The adorable B-12 is your trusty companion and main interface with the world, not counting the ‘meow’ button.

There’s no doubt that Stray has captured the imaginations of gamers since its release only a couple of weeks ago. It’s clawed it’s way up the sales charts on Steam and has earned rave reviews all over the video game community. There’s already a robust modding community around the game’s PC release, allowing you to play as your own cat, to play with a second player in split-screen, and, naturally, to play as lasagna-loving Garfield. For games, a fanbase’s desire to put their own stamp on a title is the surest sign of true love.

There might be a cat analogy in the way that Stray doesn’t feel as open as, say, Red Dead Redemption 2, a game that feels so intuitive and free that you can often craft scenarios and the world itself into things even the developers might not have imagined. Like a cat, Stray is somewhat more limiting, and very much wants things it’s own way. You don’t do a ton of exploring and are shunted pretty hard onto a predetermined path and really doesn’t open itself up as much as you might like, especially if you’re inclined to, ahem, stray. It’s a fairly short, counterintuitively linear experience that rests it’s furry haunches on it’s core mechanics, charming presentation, and a subtly beautiful story. And it’s a story that really isn’t even your own–it’s that of the robot inhabitants of Dead City whose narrative is revealed in the periphery of Steve’s experience. Above all, though, Stray does accomplish what my favourite games like Red Dead and Yakuza do even within it’s constraints, and that’s to stay out of it’s own way and get to what’s important and fun and joyful about the experience, and that’s the cat-ness of it all. I suppose it’s not that hard to drill down to Stray‘s appeal after all.
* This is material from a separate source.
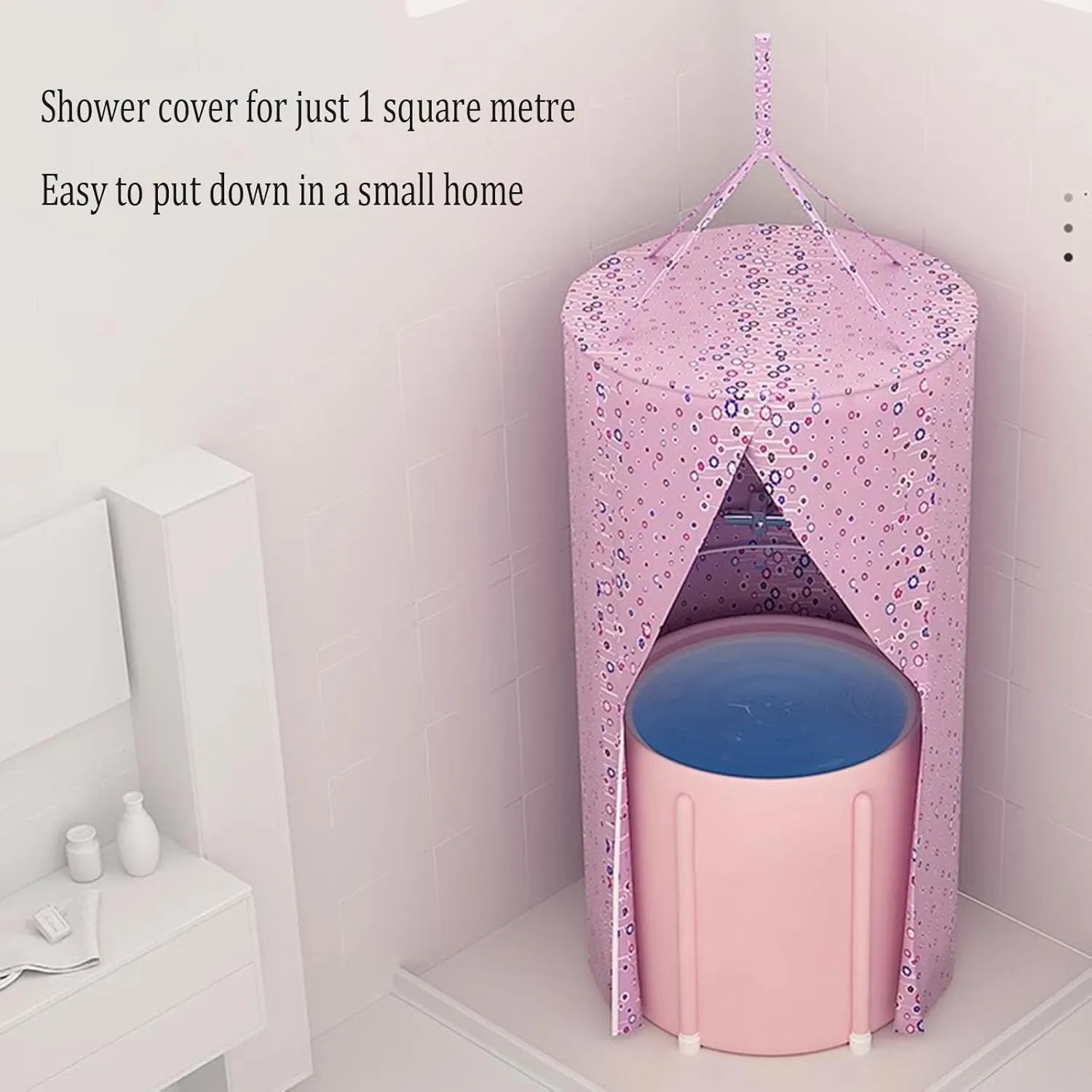 Waterproof Bathroom Shower Curtain Weighted Hem Round Polyester Portable Shower Curtains Hanging Heat Insulation Double Zipper(Size:80x200cm/31.5x78.7in,Color:A)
* There’s no indication that your cat avatar in Stray is named Steve or is even male-identifying, but that’s how I thought of him while playing and so it shall remain. 

** Besides ‘mew’ and ‘rowr’

*** I’m sorry.

Stray is available on PC (Steam), PS4, and PS5 from BlueTwelve Studio and Annapurna Interactive. I played the PS4 version. 


Sachin Hingoo never, ever misses the litter box.